L'app che ha messo in pensione i locali gay viene venduta ai cinesi, tra ispirazioni del Mossad e pettorali visti come blazer sui jeans.

di Michele Masneri

Una festa in un gay bar di Tel Aviv, novembre 2006 (Uriel Sinai/Getty Images)

Non porrà problemi di sicurezze nazionali né sarà sottoposta a scrutini di apposite commissioni federali la cessione della californiana Grindr – primaria azienda per il gaio acchiappo online – ai cinesi. Eppure forse dovrebbe, come quando passano a potenze straniere telefonie o fabbriche di missili, in questo caso tonnellate di big data anche sensibilissimi e non solo americani. L’annuncio è della scorsa settimana, il 60% della compagnia andrà a Beijing Kunlun Tech per una cifra non enorme – 93 milioni di dollari per il 60% – dando così una valutazione dell’intera compagnia a 155 milioni. Del resto la società fondata nel 2009 da Joel Simkhai era una media impresa tipo distretto del Nordest: una quarantina di dipendenti, un fatturato intorno ai quaranta milioni annui, non si sa se in attivo o in passivo perché non quotata. Il fondatore infatti ha sempre manifestato di non voler diventare un colosso di Borsa, di voler rimanere a conduzione familiare. «Non saremo mai una corporation da 15 miliardi di dollari, vogliamo rimanere una piccola impresa gestita bene», aveva detto due anni fa in un’intervista. Le origini del gruppo sono da Barney Panofsky presso la Cgia di Mestre: da Tel Aviv arrivano i Simkhai, coppia di tagliatori di diamanti immigrati da Israele, che nella periferia di New York depositano tre figli. Joel mette su la sua società nel 2009 quando ancora le start-up non osavano dire il loro nome. «Per trovare ragazzi gay intorno a me», è la risposta classica quando gli chiedono come gli venne in mente di creare, dopo una laurea in relazioni internazionali, l’app che rivoluzionerà l’acchiappo. Anche gli altri due fratelli sono gay, uno fa lo stilista, l’altro ha un salone di bellezza, e pare che mamma Simkhai al terzo coming out sia tracollata.

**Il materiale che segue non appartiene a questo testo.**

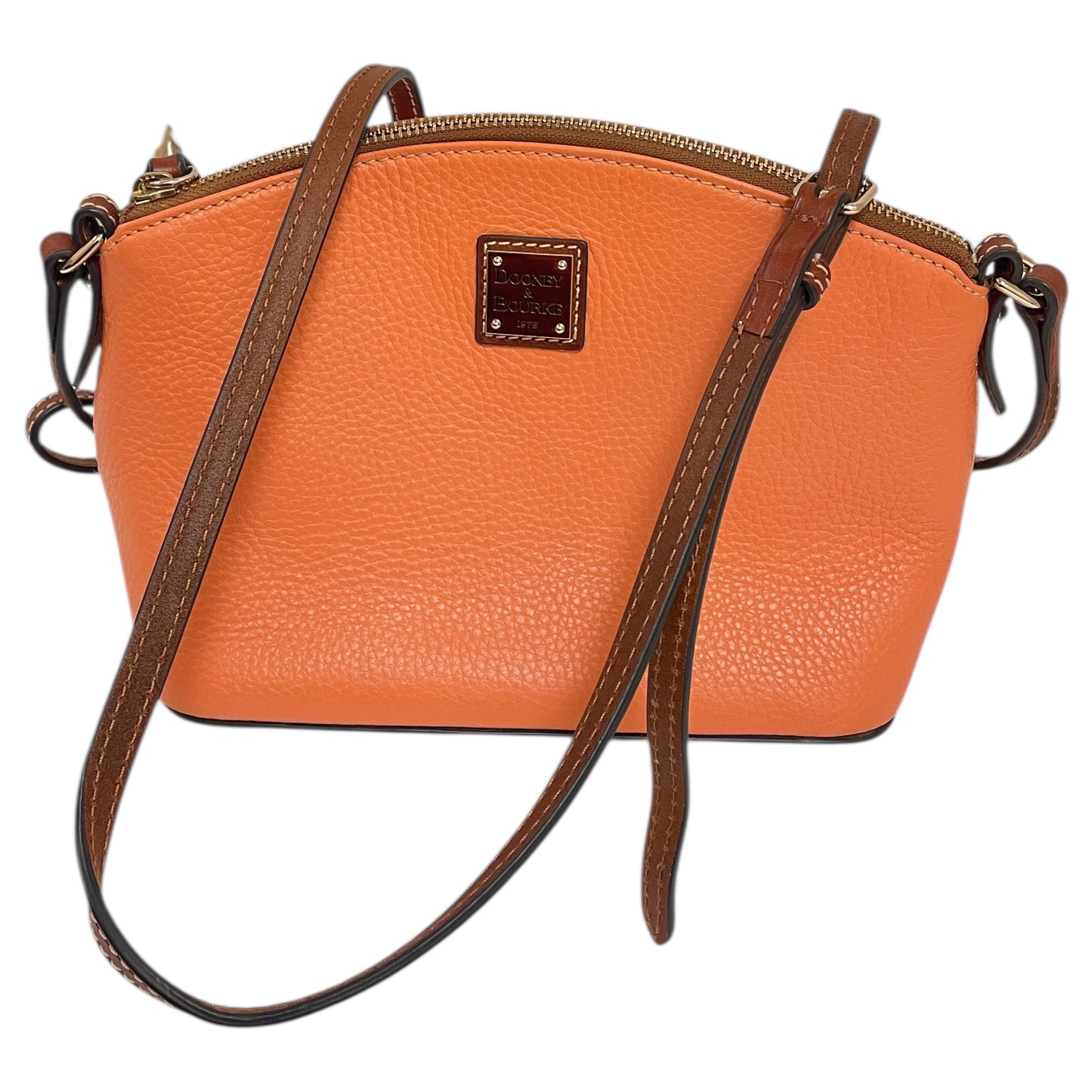 Crossbody Designer By Dooney And Bourke In Brown & Orange, Size:Medium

L’idea di Grindr arriva nel 2008 quando Apple annuncia l’iPhone 2 con il Gps incorporato, Simkhai conosce il suo Steve Wozniak, si chiama Morten Bek Ditlevsen, ed è un programmatore danese (etero). Insieme investono 5.000 dollari e cambiano per sempre il mondo, non solo gay. Oggi Grindr funziona in 196 Paesi, il tempo medio di permanenza è di 54 minuti al giorno (dichiarati) contro i 42 di Facebook, ogni giorno vengono scambiati 38 milioni di messaggi e 8 milioni di foto in questa che fino ad oggi voleva rimanere una piccola-media impresa dell’acchiappo, mai un dollaro investito in pubblicità, lontanissima dai 3 miliardi di capitale che Match, la holding che controlla i concorrenti di Tinder, ha rastrellato a Wall Street due mesi fa.

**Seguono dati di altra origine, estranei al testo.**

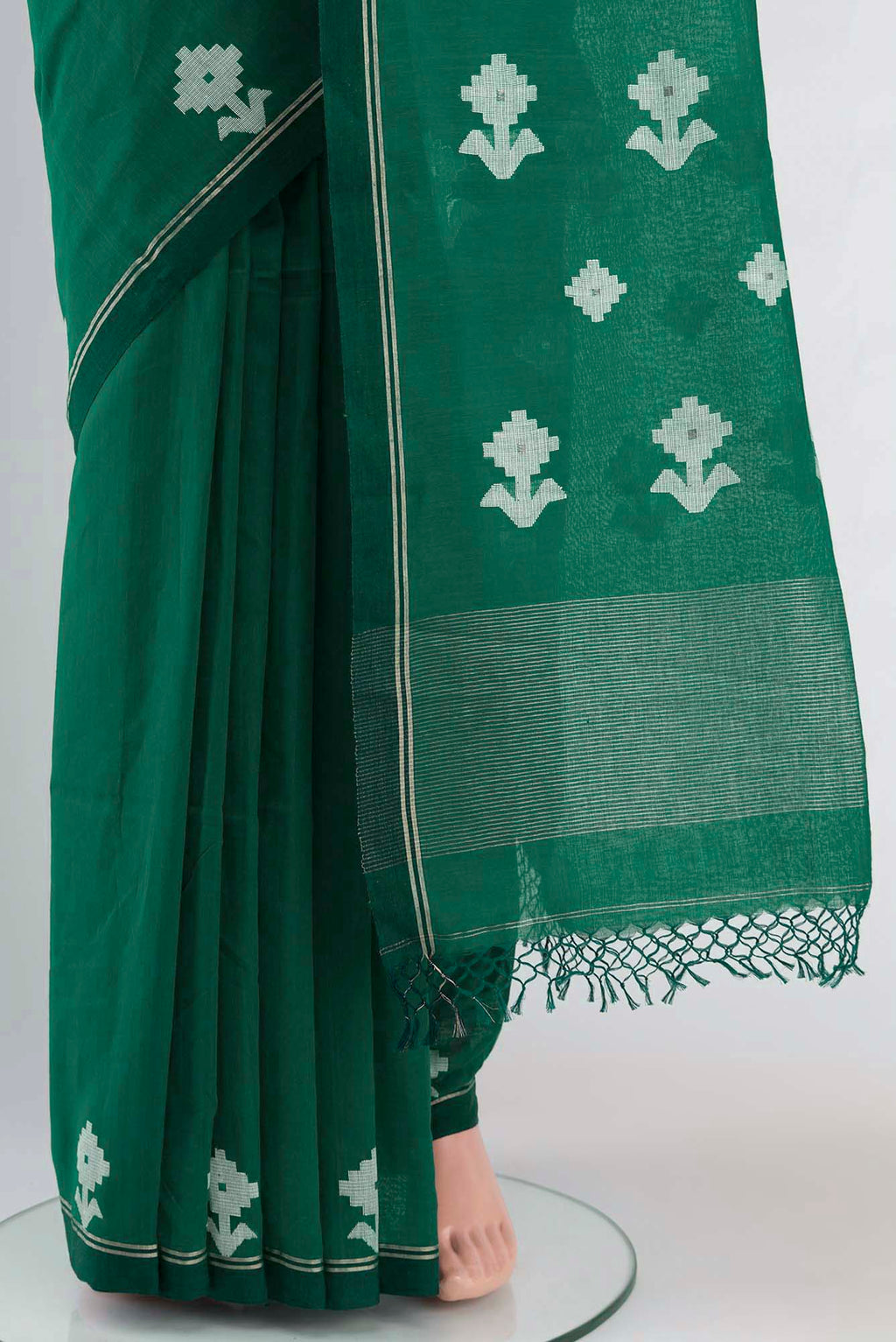 Anuradha-Bluish Green Bengal Cotton saree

Adesso Grindr coi cinesi si ingrandirà, tipo Grom con Unilever, perdendo forse sentori artigianali, e dunque sarà già tempo per rimembranze: ha mandato in pensione i locali gay, che sopravvivono solo se dotati di wi-fi (eppure la lobby degli esercenti forse più avanzata di quella dei tassisti non ne ha mai organizzato boicottaggi); nei pochi rimasti normalmente al bancone ognuno rimira il suo schermo in cerca del vicino, che ugualmente comparirà a metri 6 (il minimo di distanza segnalato dal Gps). La localizzazione – con tanti difetti ormai tipici, che forse si rimpiangeranno – mostra i contatti più prossimi in alto sullo schermo dello smartphone, con vicinanze molto relative: accesa a Malindi, ti dà i più vicini e molto entusiasti amici in Mauritania e Ciad, e da Mombasa, tre ore di macchina, son tutti felici di accorrere («siam vicinissimi»), mentre nelle grandi città con altre densità cinquecento metri è «troppo lontano, e non passano i mezzi».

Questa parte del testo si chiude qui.